Walter Freeman

Walter Freeman

Walter Jackson Freeman (* 14. November 1895; † 31. Mai 1972) war ein amerikanischer Psychiater. Er stammte aus einer Familie mit gutem Ruf und studierte in Yale. Als 29-Jähriger übernahm er die Leitung der Psychiatrischen Klinik in Washington D.C.. 1936, als bereits angesehener Neurologe führte er in der Klinik der George Washington University in der Hauptstadt die erste frontale Lobotomie durch.

Inhaltsverzeichnis

Psychiatrie Anfang des 20. Jahrhunderts in den USA

In den psychiatrischen Kliniken herrschten menschenunwürdige Bedingungen. Die verwahrlosten Patienten wurden in überfüllten, verdreckten Zimmern zusammengepfercht und mit Elektroschocks behandelt, wenn überhaupt irgendeine Art von Therapie durchgeführt wurde. 1946 zeigte die Zeitschrift „Life“ dem breiten Publikum mit schockierenden Bildern die unvorstellbaren Zustände in den Kliniken, was die Öffentlichkeit zutiefst erschütterte. Der Traum von der Heilung Geisteskranker war aktuell wie noch nie.

Methode der Wahl: die Lobotomie

Auf der Suche nach einer Therapie für Manisch-Depressive oder einfach Auffällige stieß Freeman auf eine Arbeit des Portugiesen Egas Moniz. Moniz war der Meinung, dass man mit Durchtrennung von Nerven, die vom Stirnlappen zum Thalamus verlaufen, seelische Krankheiten heilen könne. Studien über die Wirksamkeit existierten nicht, für Freeman war die von Moniz so genannte Leukotomie dennoch die Methode der Wahl. Moniz erhielt für diese „Innovation“ 1949 den Nobelpreis. Nachfahren von lobotomierten Patienten setzen sich heute dafür ein, dass ihm dieser posthum aberkannt wird. Freeman verfeinerte zusammen mit dem Neurochirurgen James W. Watts das Verfahren und nannte es von nun an Lobotomie.

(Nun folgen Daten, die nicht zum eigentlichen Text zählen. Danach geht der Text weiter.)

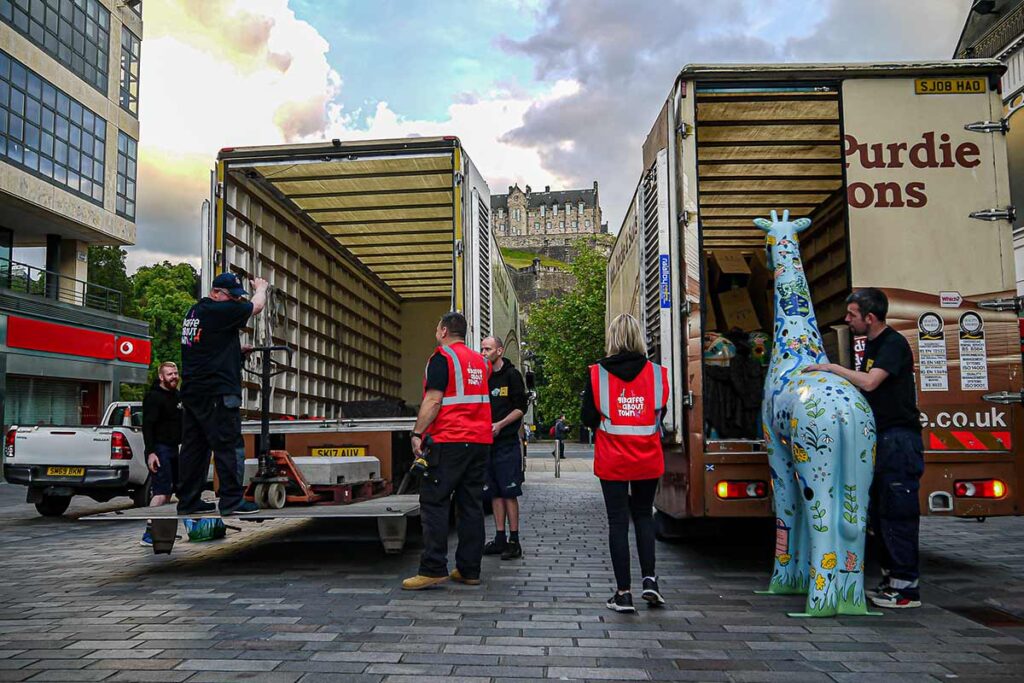 giraffe-about-town-unloading-edinburgh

Entwicklung der eigenen Operationsmethode: der transorbitale Zugang

Freeman stellte 1937 auf der Tagung der American Medical Association seine Erfahrungen mit den ersten 20 Patienten vor und propagierte die „Befreiung“ der Operierten aus überbelegten, schlechtbeleumundeten Nervenheilanstalten. Zwar standen seine Kollegen auf und beschimpften die Methode als barbarisch; das Skalpell wurde ihm dennoch nicht verwehrt.

Freeman entwickelte eine schonendere Methode: Den Patienten musste nicht mehr der Kopf geschoren werden, auch die große Narbe blieb ihnen erspart. Stattdessen verwendete er anfangs einen Eispickel aus der eigenen Eiskammer (daraus resultiert eine andere Bezeichnung des Verfahrens: „Eispickel-Methode“). Das „Instrument“ wurde durch die Orbita nach Durchbruch des dünnen Knochens am Orbitadach in das Schädelinnere getrieben und durch rotierende Bewegungen der „erkrankte“ Teil des Gehirns zerstört. Beim Patienten blieben – außer einem Bluterguss („Veilchen“) am Auge – keine äußeren Schäden zurück. Die Operationsmethode ist so einfach, dass diese nur von einer einzigen Person durchgeführt werden konnte, die zudem nicht einmal eine neurochirurgische Qualifikation brauchte - was auch auf Walter Freeman selbst zutraf.

Freeman und die Medien: der „Lobotomist“ wird geboren

Für rund ein Jahrzehnt, von den frühen 1940er- bis in die Mitte der 1950er-Jahre hinein kündeten die Schlagzeilen der Zeitungen von den Wunderheilungen des W. J. Freeman. Bei seinen Demonstrationen saßen Psychiater, Neurologen und einfache Ärzte oder auch Familienangehörige atemlos, viele waren begeistert. Diejenigen, die ihn ablehnten, pfiffen ihn aus, ihn in der Öffentlichkeit anzugreifen wagte durch viele Jahre niemand. Freeman war der Hoffnungsträger für unzählige Familien mit psychisch Kranken Angehörigen und Liebling der Presse. Er wurde der „Lobotomist“. Sein Werbeslogan war: „Lobotomie bringt sie nach Hause.“ Er operierte auch vor laufenden Fernsehkameras, in Spitzenzeiten operierte er bis zu 25 Patienten am Tag. Er fuhr auch mal mit einem Wohnmobil von Klinik zu Klinik, um dort Operationen durchzuführen; er nannte es das "Lobomobil".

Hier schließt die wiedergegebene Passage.